Investigate containerd user home directory has the wrong owner and group IDs

clarafu commented 2 years ago

Summary

There was a user that reported they were seeing a container image that was used to run integration tests, and the user’s home directory had the wrong owner and group IDs. The container image resource pinned so nothing has changed in the container image.

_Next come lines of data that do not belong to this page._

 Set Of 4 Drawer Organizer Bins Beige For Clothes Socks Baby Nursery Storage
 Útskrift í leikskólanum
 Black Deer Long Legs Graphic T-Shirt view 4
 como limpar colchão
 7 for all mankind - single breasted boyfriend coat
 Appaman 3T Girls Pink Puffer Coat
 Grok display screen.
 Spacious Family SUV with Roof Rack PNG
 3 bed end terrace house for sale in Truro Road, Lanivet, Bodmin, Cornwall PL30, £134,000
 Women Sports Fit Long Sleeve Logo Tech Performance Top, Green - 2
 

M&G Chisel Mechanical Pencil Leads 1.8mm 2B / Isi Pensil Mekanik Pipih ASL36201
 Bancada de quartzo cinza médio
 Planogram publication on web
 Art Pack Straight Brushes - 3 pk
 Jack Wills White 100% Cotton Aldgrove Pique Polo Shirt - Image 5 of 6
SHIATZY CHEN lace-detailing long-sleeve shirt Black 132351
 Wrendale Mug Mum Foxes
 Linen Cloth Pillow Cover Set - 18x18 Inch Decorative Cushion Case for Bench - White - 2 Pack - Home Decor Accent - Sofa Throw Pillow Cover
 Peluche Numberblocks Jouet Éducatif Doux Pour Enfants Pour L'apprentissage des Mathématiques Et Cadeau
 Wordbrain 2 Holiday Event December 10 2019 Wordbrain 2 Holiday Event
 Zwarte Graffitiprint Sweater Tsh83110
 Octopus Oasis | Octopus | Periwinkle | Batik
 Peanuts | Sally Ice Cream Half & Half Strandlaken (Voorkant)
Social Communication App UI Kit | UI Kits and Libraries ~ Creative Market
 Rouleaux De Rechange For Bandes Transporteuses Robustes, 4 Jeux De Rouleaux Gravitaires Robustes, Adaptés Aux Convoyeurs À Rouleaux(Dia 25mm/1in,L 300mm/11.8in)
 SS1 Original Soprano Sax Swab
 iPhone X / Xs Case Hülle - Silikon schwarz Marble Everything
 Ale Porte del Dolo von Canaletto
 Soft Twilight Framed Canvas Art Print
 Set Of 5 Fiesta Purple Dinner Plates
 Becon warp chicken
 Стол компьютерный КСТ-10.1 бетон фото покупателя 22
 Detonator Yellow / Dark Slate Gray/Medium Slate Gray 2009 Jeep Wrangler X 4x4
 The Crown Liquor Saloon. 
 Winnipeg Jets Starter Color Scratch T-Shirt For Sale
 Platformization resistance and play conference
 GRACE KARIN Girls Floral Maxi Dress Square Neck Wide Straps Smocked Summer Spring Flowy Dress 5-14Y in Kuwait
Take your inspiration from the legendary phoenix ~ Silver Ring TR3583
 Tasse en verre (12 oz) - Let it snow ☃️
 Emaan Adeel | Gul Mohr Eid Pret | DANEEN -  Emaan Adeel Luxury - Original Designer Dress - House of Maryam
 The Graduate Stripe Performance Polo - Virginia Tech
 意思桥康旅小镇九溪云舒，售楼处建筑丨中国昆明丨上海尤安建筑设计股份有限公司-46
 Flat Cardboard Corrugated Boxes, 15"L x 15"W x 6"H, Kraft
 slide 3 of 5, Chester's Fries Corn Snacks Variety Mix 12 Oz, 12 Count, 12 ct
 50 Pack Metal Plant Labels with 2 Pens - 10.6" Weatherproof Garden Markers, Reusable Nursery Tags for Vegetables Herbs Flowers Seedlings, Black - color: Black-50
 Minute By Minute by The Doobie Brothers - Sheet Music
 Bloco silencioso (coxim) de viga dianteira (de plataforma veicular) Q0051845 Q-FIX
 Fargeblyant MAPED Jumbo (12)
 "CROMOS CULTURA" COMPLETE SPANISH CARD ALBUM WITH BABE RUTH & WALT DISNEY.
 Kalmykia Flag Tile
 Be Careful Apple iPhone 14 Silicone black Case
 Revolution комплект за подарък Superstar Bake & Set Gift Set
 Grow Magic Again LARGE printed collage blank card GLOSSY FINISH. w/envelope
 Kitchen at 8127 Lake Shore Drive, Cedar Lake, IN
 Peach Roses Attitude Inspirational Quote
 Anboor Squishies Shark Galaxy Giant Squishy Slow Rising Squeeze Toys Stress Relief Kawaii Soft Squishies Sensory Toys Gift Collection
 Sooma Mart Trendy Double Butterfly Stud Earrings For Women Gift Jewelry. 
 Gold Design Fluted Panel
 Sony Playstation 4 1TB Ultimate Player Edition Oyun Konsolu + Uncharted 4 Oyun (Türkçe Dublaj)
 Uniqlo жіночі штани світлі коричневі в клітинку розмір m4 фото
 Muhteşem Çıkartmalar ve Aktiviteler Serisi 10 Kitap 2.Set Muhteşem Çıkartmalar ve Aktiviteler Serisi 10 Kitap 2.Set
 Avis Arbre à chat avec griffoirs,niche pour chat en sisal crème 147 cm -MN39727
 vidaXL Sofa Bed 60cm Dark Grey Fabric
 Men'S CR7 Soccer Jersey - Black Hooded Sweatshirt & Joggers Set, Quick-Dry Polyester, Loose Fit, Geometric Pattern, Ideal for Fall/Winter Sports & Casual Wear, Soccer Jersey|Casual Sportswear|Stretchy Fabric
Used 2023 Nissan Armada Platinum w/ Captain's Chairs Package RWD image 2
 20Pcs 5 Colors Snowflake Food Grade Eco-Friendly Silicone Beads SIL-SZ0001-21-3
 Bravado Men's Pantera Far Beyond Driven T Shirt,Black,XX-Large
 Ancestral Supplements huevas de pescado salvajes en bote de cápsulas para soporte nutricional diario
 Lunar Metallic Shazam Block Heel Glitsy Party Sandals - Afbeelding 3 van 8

More information can be found in the slack channel thread in hush-house, but it seemed to have happened after they upgraded their workers to the new 7.7 version.

Triaging info

Concourse version: 7.7.0
Browser (if applicable):
Did this used to work? Yes

cfryanr commented 2 years ago

Hi all, thanks for creating this issue for us.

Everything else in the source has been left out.